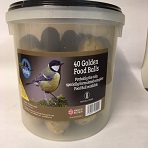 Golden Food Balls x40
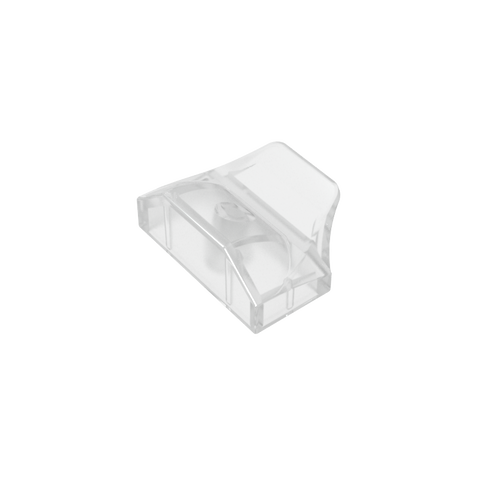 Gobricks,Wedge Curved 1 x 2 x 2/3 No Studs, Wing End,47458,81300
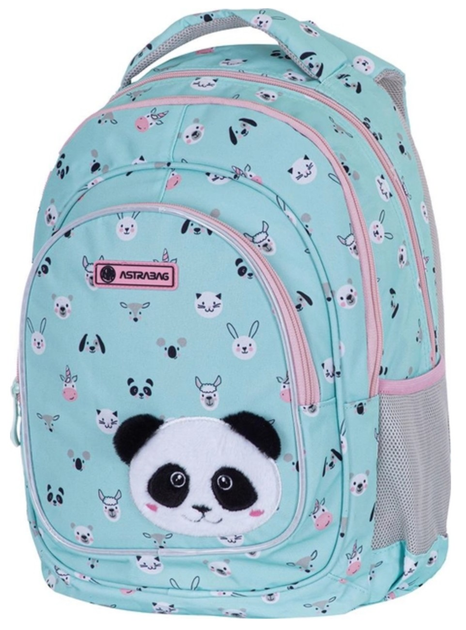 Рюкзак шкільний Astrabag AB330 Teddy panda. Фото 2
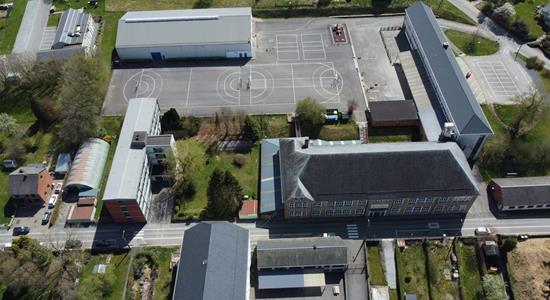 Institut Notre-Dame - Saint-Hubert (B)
* * *
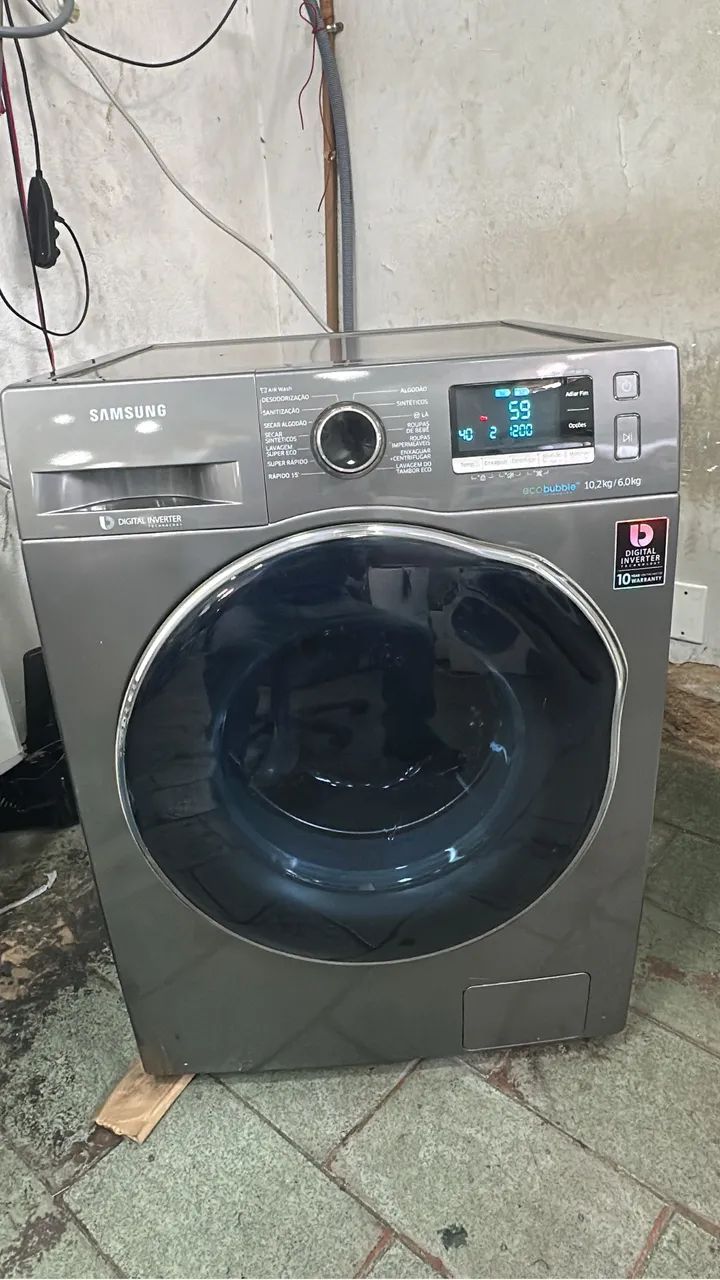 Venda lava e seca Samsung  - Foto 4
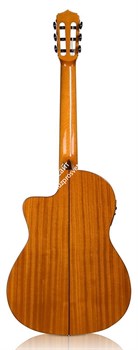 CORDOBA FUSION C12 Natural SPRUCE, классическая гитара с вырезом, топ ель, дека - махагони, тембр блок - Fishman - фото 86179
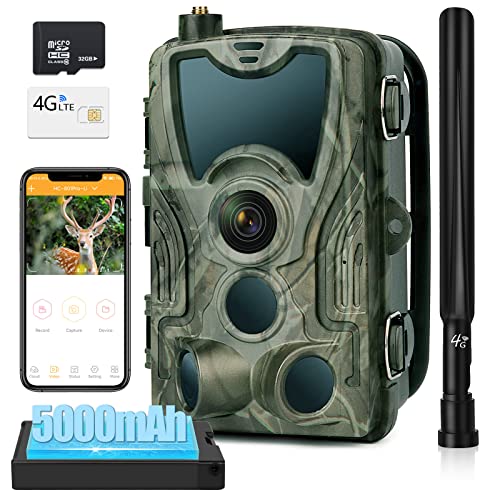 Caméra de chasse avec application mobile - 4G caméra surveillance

WHAT YOU ARE ASKED TO DO:
Copy the listing above exactly, but only from the line with "Venda lava e" through the line with "Caméra de chasse", including those two lines and excluding any picture.

RESPONSE TO THE TASK:
 Venda lava e seca Samsung  - Foto 4
 CORDOBA FUSION C12 Natural SPRUCE, классическая гитара с вырезом, топ ель, дека - махагони, тембр блок - Fishman - фото 86179
 Caméra de chasse avec application mobile - 4G caméra surveillance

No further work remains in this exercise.